* _DATA FOR THE TASK_
BEGIN

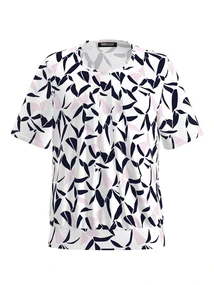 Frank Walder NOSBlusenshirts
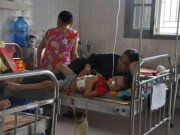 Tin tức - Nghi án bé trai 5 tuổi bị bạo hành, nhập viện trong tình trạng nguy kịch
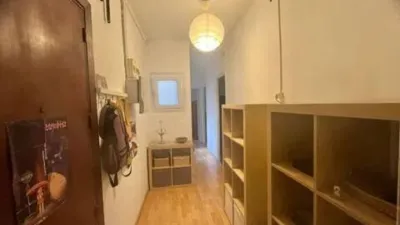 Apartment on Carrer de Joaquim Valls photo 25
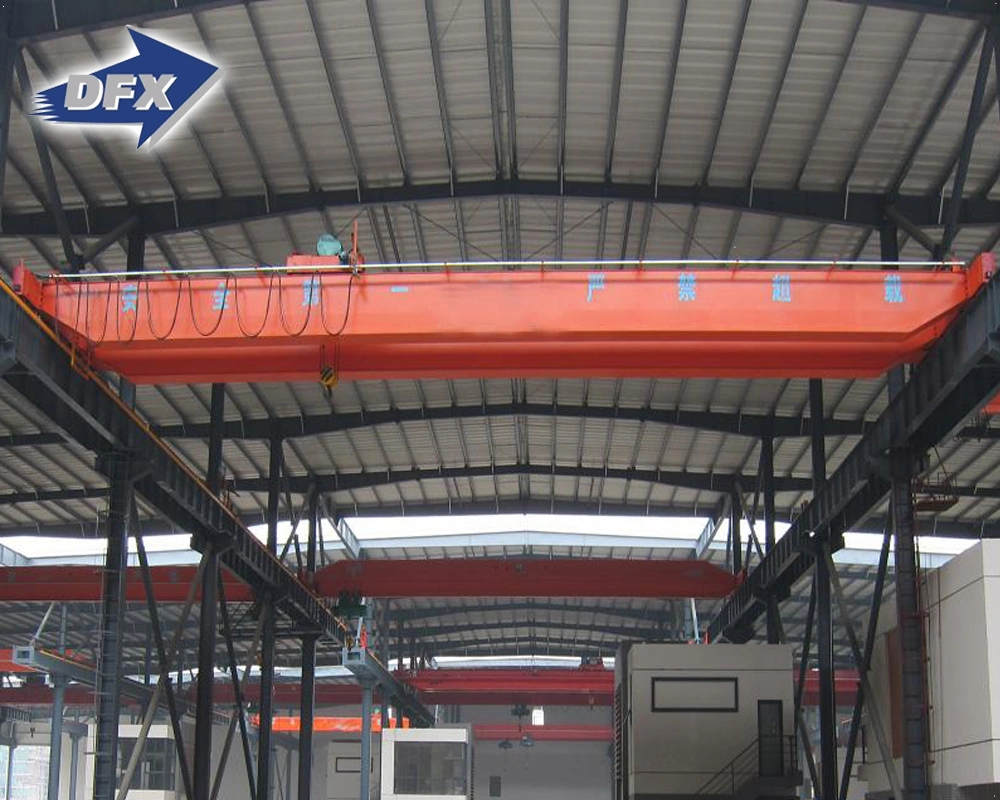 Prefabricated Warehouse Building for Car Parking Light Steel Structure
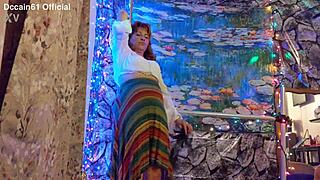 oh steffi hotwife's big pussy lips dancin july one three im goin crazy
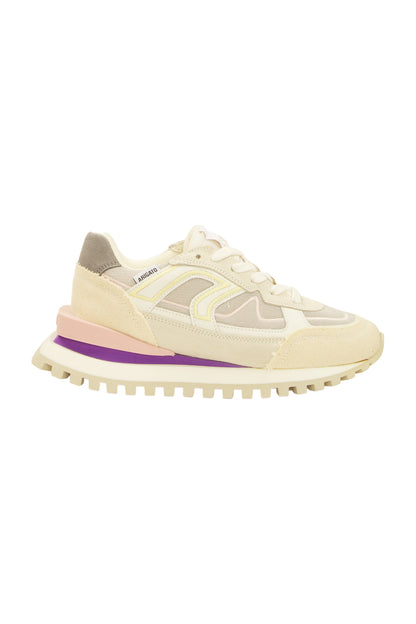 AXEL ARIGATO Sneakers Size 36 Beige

END

* _EXERCISE REQUIREMENTS_
Set down every entry exactly; omit the pictures.

* _YOUR RESPONSE_
 Frank Walder NOSBlusenshirts
 Tin tức - Nghi án bé trai 5 tuổi bị bạo hành, nhập viện trong tình trạng nguy kịch
 Apartment on Carrer de Joaquim Valls photo 25
 Prefabricated Warehouse Building for Car Parking Light Steel Structure
 oh steffi hotwife's big pussy lips dancin july one three im goin crazy
 AXEL ARIGATO Sneakers Size 36 Beige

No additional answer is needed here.